Rosalie’s eyes were gleaming with excitement.

“Why did you not tell me that you helped the man who was wounded?” she began, as I went back into the room.

“It didn’t seem important.”

“It has made a very good impression. That man is his friend. He told me he would bring us more fruit later.”

“You mean they’ve decided not to kill us after all?”

“Oh no, but now they do not hate us so much.”

“That’s something, I suppose.”

“He told me that there are machine guns being mounted on both sides of the roof in case there is another air attack, also that the Nasjah army is advancing from the direction of Meja.”

“How does he know that-I mean about the army?”

“He heard one of the officers on the telephone. It is curious,” she went on thoughtfully; “before, that man would not have looked at us except to think how it would feel to kill us. Now, because you bandage his friend, it is different. He speaks to us and brings us fruit.”

“That’s because of the bombing, and because we were all covered in dust just as he was. He’s not used to air attack. He was frightened, and now because he isn’t dead he feels generous and friendly and wants to talk. It’s nothing to do with my bandaging his friend. It always happens. Besides,” I added, “you’re a woman. That would make a difference, too.”

She thought for a moment or two and then nodded. “Yes, I understand. It was the way I felt when the men with the parangs did not kill us last night. I wanted you to take me to bed at once. If it had not been for the guns beginning to fire and making me frightened in another way…”

I kissed her, and she smiled. “Was it like that in the war?” she said. “When you had been very frightened of being killed or wounded and were not, did you always want a woman afterwards?”

“Well, there wasn’t much to be frightened of building airfields, and when we were in the desert there weren’t any women to have.”

“But you would want one?” she persisted.

“Oh yes. There was nothing to stop you wanting.”

“Now you are making a joke of it. I think it is very good that people should feel that way.”

“There’s a simple biological explanation.”

“Is it biology that I am here with you?”

“Well, not exactly.”

“No. It is because it is good for a man and a woman to have pleasure together.
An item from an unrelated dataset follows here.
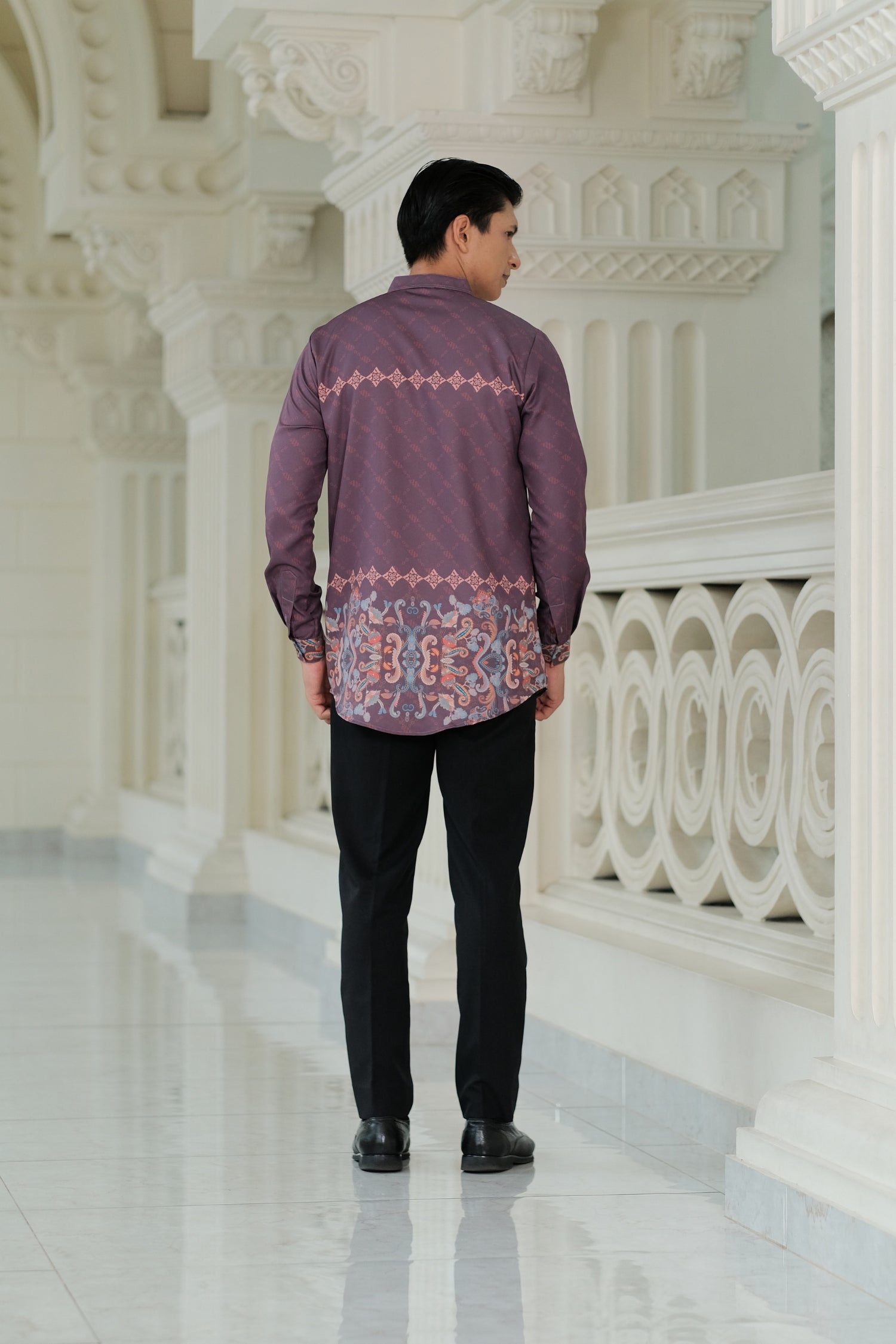 ZAURA LYRAA KOKO - TAUPE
If they are sympathetic, that is…”

“And if they aren’t being threatened by men with parangs, and bombed, and peered at by sentries.”
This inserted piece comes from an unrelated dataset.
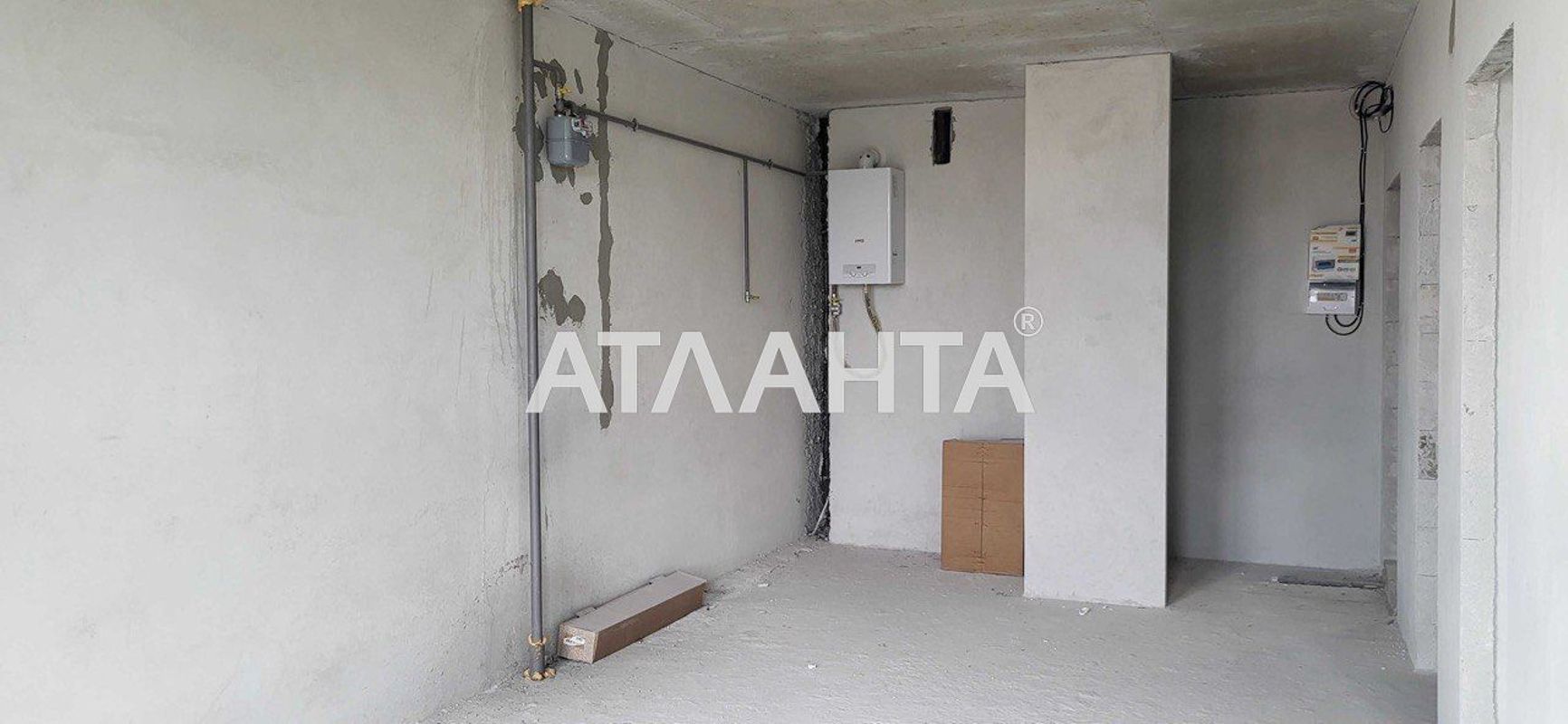 1-room apartment apartment by the address st. Geroev Maydana (area 38 m²) - Atlanta.ua - photo 5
She looked startled, but did not turn her head. “He is watching us now?”

“With great interest.”

Without once letting her eyes stray in his direction, she walked over to the window and looked up at the torn curtains. “If you will take these down,” she said, “I will pin the pieces together. Then we can put them back again as we wish. If we do it now, he will think it is because of the sun. If we wait until the sun has moved, he will know that we do not wish to be seen and will be offended.”

“All right.”

It was a good idea in any case. The sentry had managed to hoist the bamboo roof back into position, but the blast and debris had split it in several places, and the sun was pouring through the gaps into the room. Every slight movement raised the dust again, and even the sight of it swirling about in the shafts of sunlight made me thirsty.

I made a great show of shielding my eyes from the glare as I unhooked the curtains. The sentry, squatting in one of the patches of shade, watched idly while Rosalie, with the few pins and a needle and thread that she had in her case, tacked the pieces of curtain together. When I put them up again, I was able to cover almost the whole of the window space.
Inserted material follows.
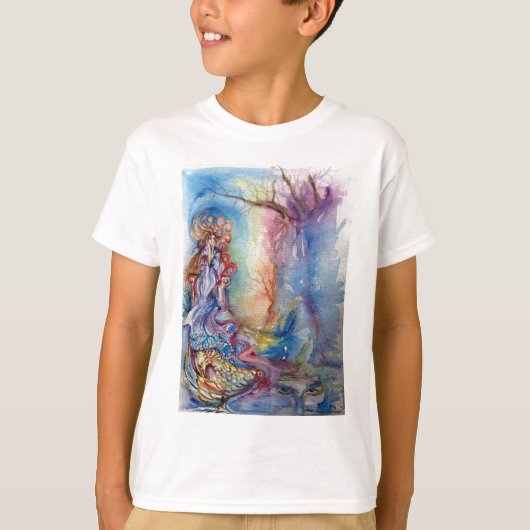 LADY DES SEES T-Shirt (Vorderseite)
Since the air attack, the telephone in the next room had been in constant use, but the voices had been those of the junior officers. I had concluded that Sanusi, Roda and Suparto had temporarily abandoned the sixth floor for some less exposed command post. When, as I finished rehanging the curtains, I heard footsteps crunching towards us over the broken glass on the terrace, I assumed that it was the bow-legged officer on his way to the bathhouse. Then, the footsteps ceased, the curtains were brushed aside and Major Suparto stepped into the room.

I saw Rosalie freeze into the passive immobility with which she had faced him before, but he did not even glance at her. He looked at the ceiling, at the debris piled in one corner of the room, finally at the curtains.